Returns two pytrees (lora_A, lora_B) with same structure as params. Non-targeted leaves are zero arrays (same shape as base param) so the tree structure is compatible with jax.tree_util operations.

merge_lora_params(base_params: PyTree[jax.Array], lora_A: PyTree[Any], lora_B: PyTree[Any], alpha: float, rank: int) -> PyTree[jax.Array]

Merge LoRA into base: W_eff = W + (alpha/rank) * A @ B.

No stop_gradient on base_params is needed: in the training loop value_and_grad differentiates only w.r.t. its argument (the LoRA params dict), so base_params — accessed from the closed-over state — is already treated as a constant by JAX.

count_lora_params(lora_A: PyTree[Any], lora_B: PyTree[Any]) -> int

Count total trainable LoRA parameters.

transition_to_lora(trainer: Any) -> None

Freeze base params and inject LoRA adapters on trainer.

Shared by LoRATrainer and BenchmarkLoRABaseTrainer.

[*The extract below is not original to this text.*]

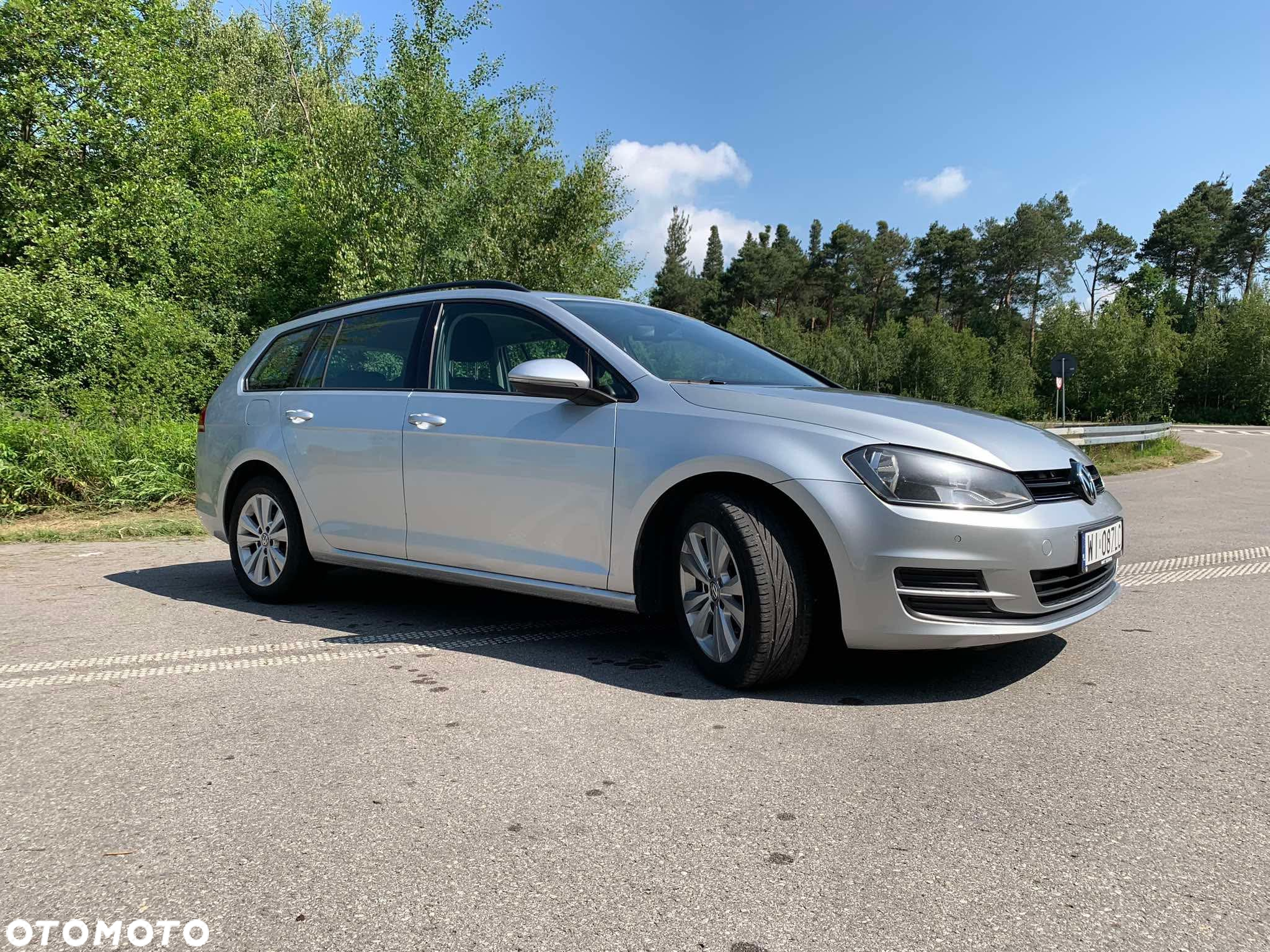 Volkswagen Golf VI 1.6 TDI Highline CityLine - 2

Expects the trainer to have state, lora_config, model, scheduler, mesh, and main_process() already set.

The new LoRATrainState is built through the same eval_shapelogical_to_mesh_shardingjit pipeline that _init_state uses, so that LoRA params and optimizer buffers are correctly sharded across devices.

After this call: - trainer.state is a LoRATrainState whose params field holds {"lora_A": ..., "lora_B": ...} (the only thing the optimizer updates). - trainer.state_sharding is updated to match the new state shape. - trainer._in_lora_phase is True.